The American Dream, Supersized
[This article consists of an illustration. Please see hardcopy of magazine.] True story: As part of its social-studies curriculum, my daughter's fourth-grade class was planning a field trip to the Lower East Side in Manhattan to get a sense of what life was like for immigrants in the early 20th century.
This was particularly meaningful for our family since my wife's grandparents had lived on the Lower East Side. Her father's mother had a compelling story, having come from a small village in Latvia where the family shared a single pair of shoes. In New York City, she sold vegetables from a pushcart and eventually opened a successful dress shop in New Jersey.
As beneficiaries of all that hope and energy unleashed upon the New World, you certainly feel an obligation to honor it. So, field trip--great idea! But that night we got a surprise ...
[What did you think was the most interesting part of the trip?]
[Watching The Simpsons in the limo.]
Huh? It turned out that the school bus had broken down. Happily, the trip was salvaged when a generous and fast-thinking mother called a car service. So, yes: where huddled masses had once arrived in cramped, fetid steamships, my daughter and her classmates were now rolling up in limos with TVs.
[See these apartment buildings, children? They're called tenements. Does anyone know how many families could fit into a single--]

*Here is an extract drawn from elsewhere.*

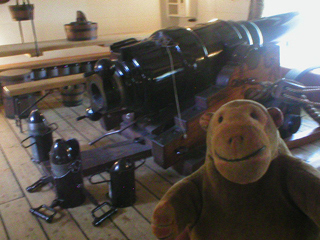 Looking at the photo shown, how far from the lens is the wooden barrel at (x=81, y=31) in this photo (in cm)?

[Julius! Leave the minibar ALONE!]
There was an obvious disconnect here. But the more I thought about it, the more I wondered: Hadn't most immigrants come to America to make a better life for themselves and their descendants? Who's to say that by better they didn't mean ridiculously so? Maybe the American Dream has always been supersized ...
[This is my vow: that my children's children will someday watch moving pictures in the back of vast horseless carriages that also have iceboxes.]
[God willing, my children will go to medical school and then become rich by injecting women's faces with poison to make them look younger.]
[Would that my great-grandson grows up to become a professional poker player.]
[Mi hijo tambiƩn.*]
*"My kid too." **"Damn. I thought the streets would be paved with iPods."